Further down the line, a tall white woman tried to push through the tape. A policeman intercepted her, saying Mandla Mandela, another grandson, had specifically asked him to keep the public away from the door. “Maybe he’s doing something wrong,” the policeman said, permitting himself a wink and a slip of a sarcastic smile.
It is remarkable that a servant of the state was driven to joke that Mandela’s own grandson might be doing something shady in the vestibule of his home the morning after his death. The scene illuminated an essential truth of post-apartheid South Africa: People are deeply, deeply disillusioned with the leaders who’ve followed Mandela, both official African National Congress politicians and emotional leaders like Mandela’s offspring. Mandela’s relatives seem to have bucked his example entirely; some have banked millions in mining, an industry against which the apartheid-era ANC railed against as the heart of South Africa’s satanic injustice, while others have cashed in with a reality TV show. The allegations against the politicians in actual office are more troubling. The country’s second democratically-elected president, Thabo Mbeki, was bitterly criticized for denying South Africa’s AIDS epidemic. Mbeki’s successor, President Jacob Zuma, was prosecuted for both rape and racketeering; he was acquitted of the former, and the latter charges were dropped on technicalities, but recently a huge scandal around taxpayer-funded upgrades to his massive home dominated the papers until Mandela’s—for Zuma, very propitiously timed—death. Daily, the whole black political class is accused in the media of corruption in the awarding of government contracts and greed in treating itself to swanky vacations and flashy vehicles. “They were heroes,” one of the students standing beside me on the police line mused grimly, “but then they started buying cars.” As they buy cars, economic growth has slowed, basic education has fallen into disrepair, and inequality has deepened. This fall, The Economist concluded in a cover package pessimistically titled “Cry, the Beloved Country” that South Africa “is on the slide both economically and politically” and that the ANC’s “incompetence and outright corruption are the main causes.”

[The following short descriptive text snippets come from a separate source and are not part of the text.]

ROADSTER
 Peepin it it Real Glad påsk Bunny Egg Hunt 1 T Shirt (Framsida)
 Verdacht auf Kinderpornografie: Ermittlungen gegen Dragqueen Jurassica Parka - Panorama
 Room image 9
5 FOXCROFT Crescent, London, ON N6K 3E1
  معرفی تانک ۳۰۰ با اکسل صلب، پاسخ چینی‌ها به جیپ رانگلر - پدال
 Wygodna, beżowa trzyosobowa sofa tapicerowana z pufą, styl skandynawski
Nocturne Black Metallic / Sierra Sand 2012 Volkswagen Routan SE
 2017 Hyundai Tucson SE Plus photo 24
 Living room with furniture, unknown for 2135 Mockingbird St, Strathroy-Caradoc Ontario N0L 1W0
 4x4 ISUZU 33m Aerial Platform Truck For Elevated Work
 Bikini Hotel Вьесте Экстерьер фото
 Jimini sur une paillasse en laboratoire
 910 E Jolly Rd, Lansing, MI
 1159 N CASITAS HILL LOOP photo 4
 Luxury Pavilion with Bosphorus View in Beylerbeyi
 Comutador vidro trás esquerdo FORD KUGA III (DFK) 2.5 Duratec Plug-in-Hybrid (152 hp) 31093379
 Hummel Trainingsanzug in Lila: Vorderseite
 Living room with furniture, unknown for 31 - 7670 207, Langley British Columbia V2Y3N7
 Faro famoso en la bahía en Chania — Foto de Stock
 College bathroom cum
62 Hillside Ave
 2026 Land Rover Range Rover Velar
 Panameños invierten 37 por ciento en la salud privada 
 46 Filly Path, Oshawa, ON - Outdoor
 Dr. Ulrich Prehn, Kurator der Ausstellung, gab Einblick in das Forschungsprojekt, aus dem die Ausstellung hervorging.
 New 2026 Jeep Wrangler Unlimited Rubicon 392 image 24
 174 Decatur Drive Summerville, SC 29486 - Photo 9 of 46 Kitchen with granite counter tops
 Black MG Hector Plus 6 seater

Over the weekend New York Times published a story on the South African disgust with Mandela’s family, but other than that I’ve hardly read anything that even grazes this disconcerting topic. And I haven’t heard anybody asking the deepest questions of all: To what extent is Mandela responsible for the political shambles that followed his presidency? Great leadership involves building a political culture that mirrors your virtues. Can a leader truly be considered great if those who come right on his heels are terrible?
In a small way, I think South Africans’ vocal dissatisfaction with Mandela’s successors actually reflects well on him. It struck me, as I stood on the police line, that there are few African countries in which reporters, students, and police officers could remark so candidly on their leaders within their earshot. In Angola, a law allows for the detention of people who “insult” the president. In Zimbabwe, those who criticize President Robert Mugabe risk physical attack by thugs. When I did some reporting in the Republic of the Congo, people I spoke to in taxi cabs and hotel bars refused even to mention the names of powerful, fearing these environs were bugged.
Paradoxically, though the rest of the world reveres Mandela as a god, in South Africa one of his greatest legacies was creating a political culture in which the “Great Man” is not revered. Many times, Mandela reminded the country he was one man in a collective that fought for black liberation and self-deprecatingly catalogued his little personal flaws. "I wanted to be like an ordinary human being with virtues and vices,” he once confided to his friend Ahmed Kathrada. This in sharp contrast to other liberators nearby who established explicit personality cults—think Mobutu Sese Seko, whose self-given praise name translated to “the all-powerful warrior who sweeps from conquest to conquest leaving fire in his wake.” The high-spirited glee with which the South African press now lays bare the foibles of other South African politicians takes something from Mandela’s own example.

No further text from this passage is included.